YOUR ASSIGNMENT:
Quote every line of the data below as it stands, omitting pictures.

RECORDED INFORMATION:
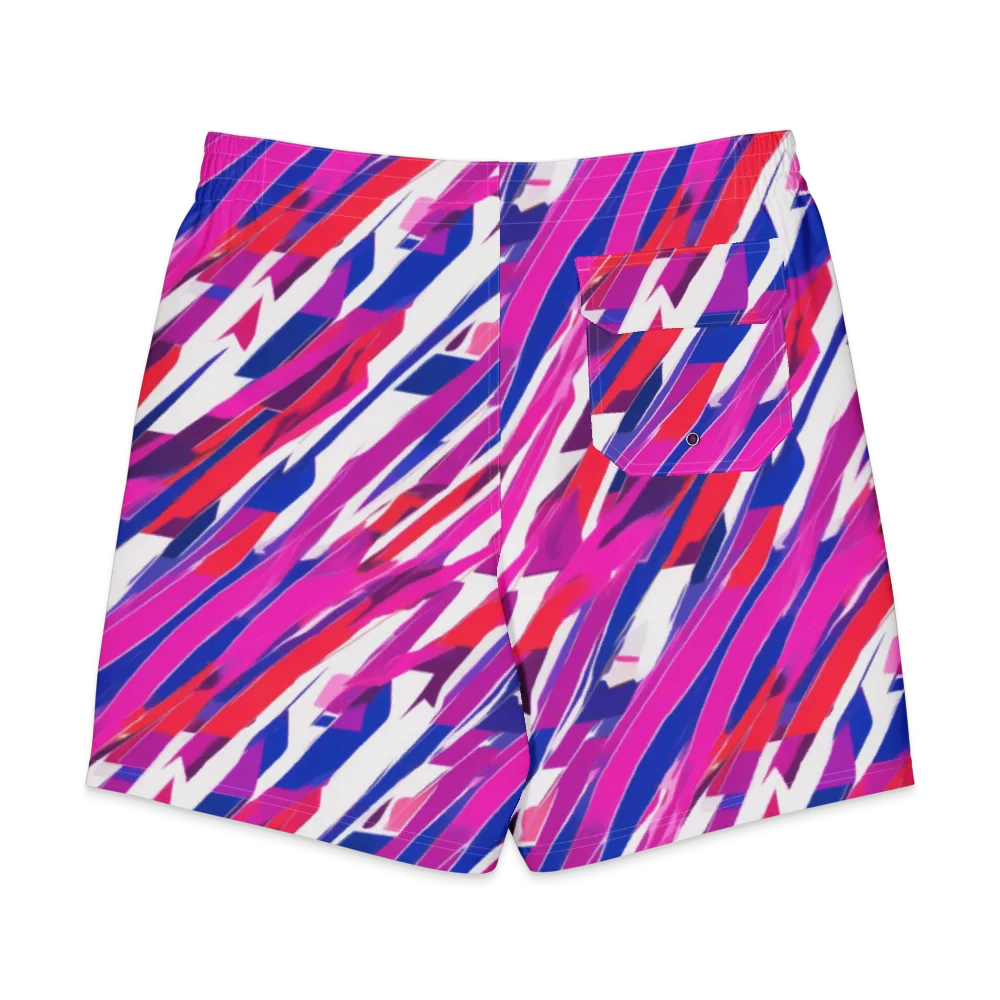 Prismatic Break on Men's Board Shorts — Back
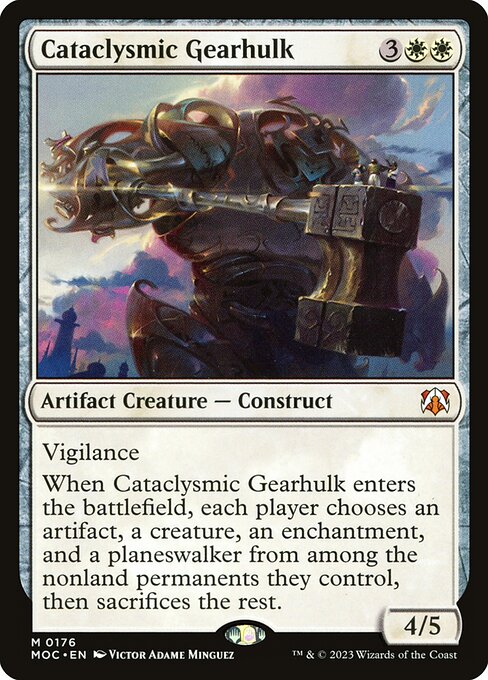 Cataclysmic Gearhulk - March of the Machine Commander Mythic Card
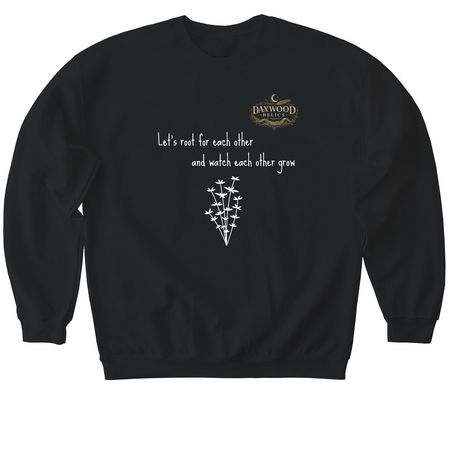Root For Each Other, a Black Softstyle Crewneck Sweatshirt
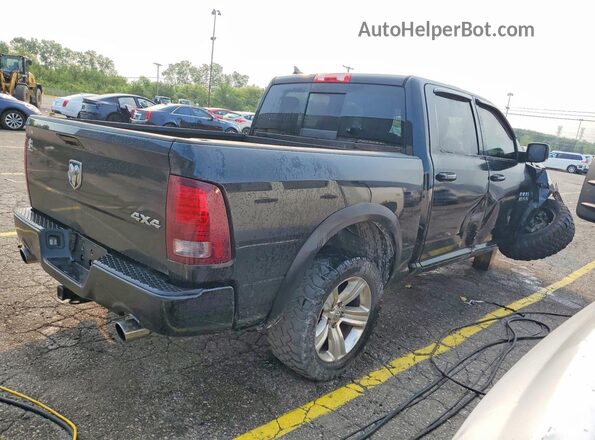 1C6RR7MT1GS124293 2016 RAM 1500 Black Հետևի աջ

RESPONSE TO THE TASK:
 Prismatic Break on Men's Board Shorts — Back
 Cataclysmic Gearhulk - March of the Machine Commander Mythic Card
Root For Each Other, a Black Softstyle Crewneck Sweatshirt
 1C6RR7MT1GS124293 2016 RAM 1500 Black Հետևի աջ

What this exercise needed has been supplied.